--- Listed entries Enclosed Below ---

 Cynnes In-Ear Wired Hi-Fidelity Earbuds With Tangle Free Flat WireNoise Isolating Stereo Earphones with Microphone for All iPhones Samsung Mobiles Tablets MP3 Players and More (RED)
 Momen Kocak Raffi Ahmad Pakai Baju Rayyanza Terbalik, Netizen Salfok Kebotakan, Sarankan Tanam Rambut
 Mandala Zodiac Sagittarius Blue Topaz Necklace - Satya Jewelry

--- End of Enclosed Listed entries ---
--- Listed entries Enclosed Below ---

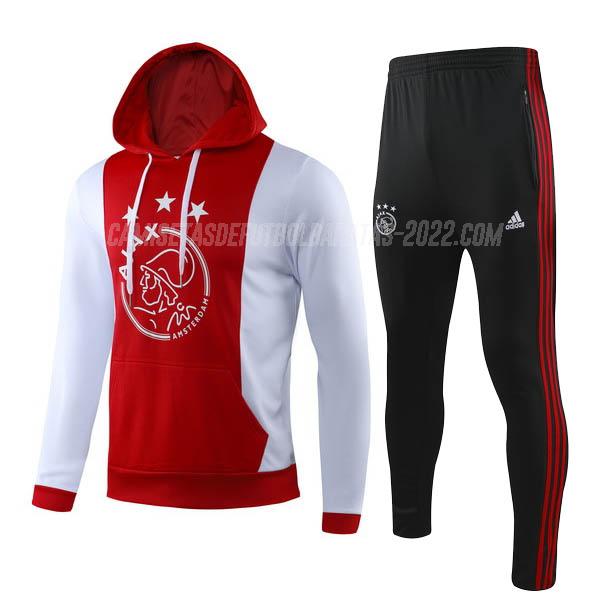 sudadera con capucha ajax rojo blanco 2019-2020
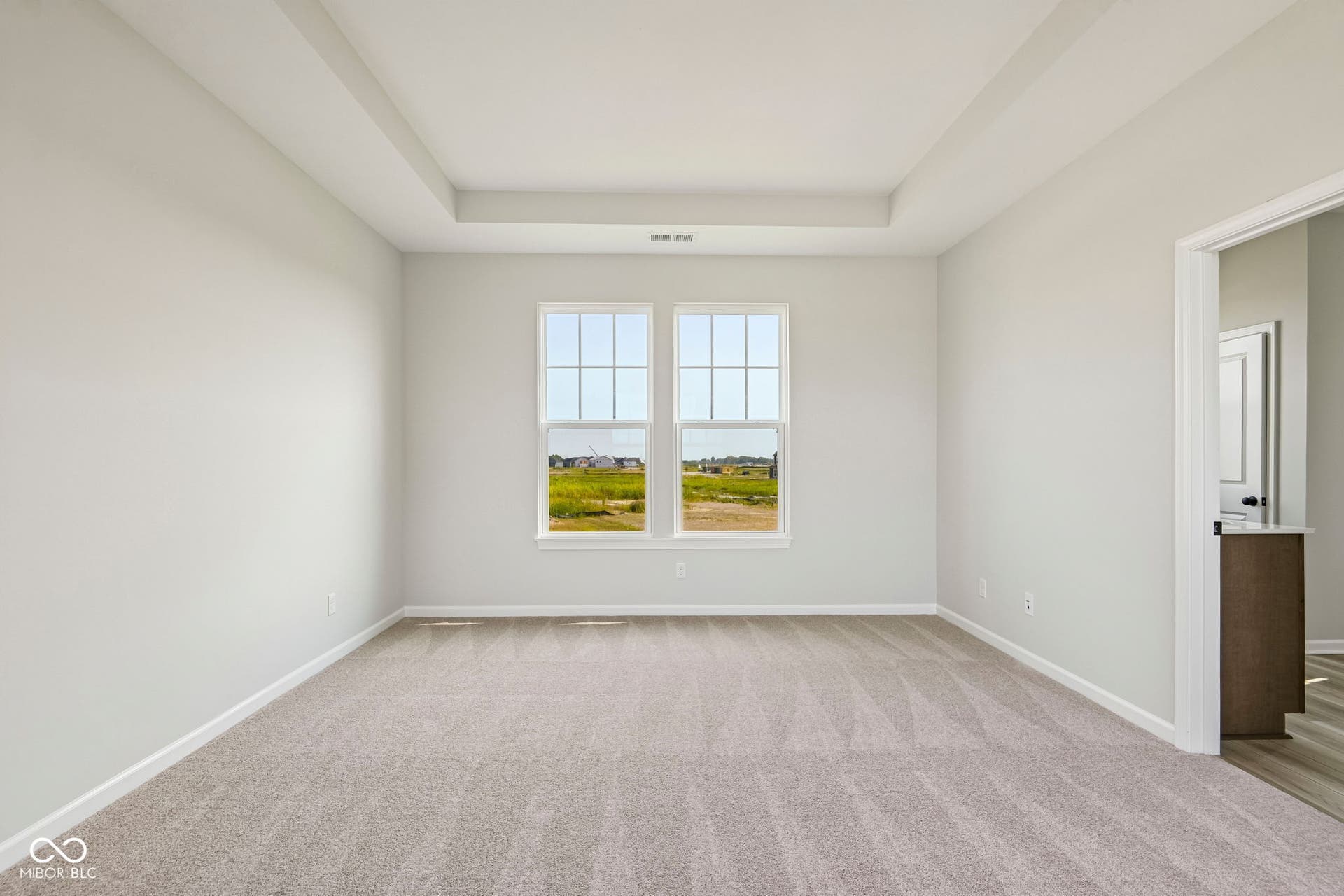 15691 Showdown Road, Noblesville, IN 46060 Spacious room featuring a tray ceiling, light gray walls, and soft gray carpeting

--- End of Enclosed Listed entries ---

(What you have to do) Using the records above, restate word for word the lines from the one with "Cynnes In-Ear Wired" through the one with "Mandala Zodiac Sagittarius", both included.

(Response to the task)
 Cynnes In-Ear Wired Hi-Fidelity Earbuds With Tangle Free Flat WireNoise Isolating Stereo Earphones with Microphone for All iPhones Samsung Mobiles Tablets MP3 Players and More (RED)
 Momen Kocak Raffi Ahmad Pakai Baju Rayyanza Terbalik, Netizen Salfok Kebotakan, Sarankan Tanam Rambut
 Mandala Zodiac Sagittarius Blue Topaz Necklace - Satya Jewelry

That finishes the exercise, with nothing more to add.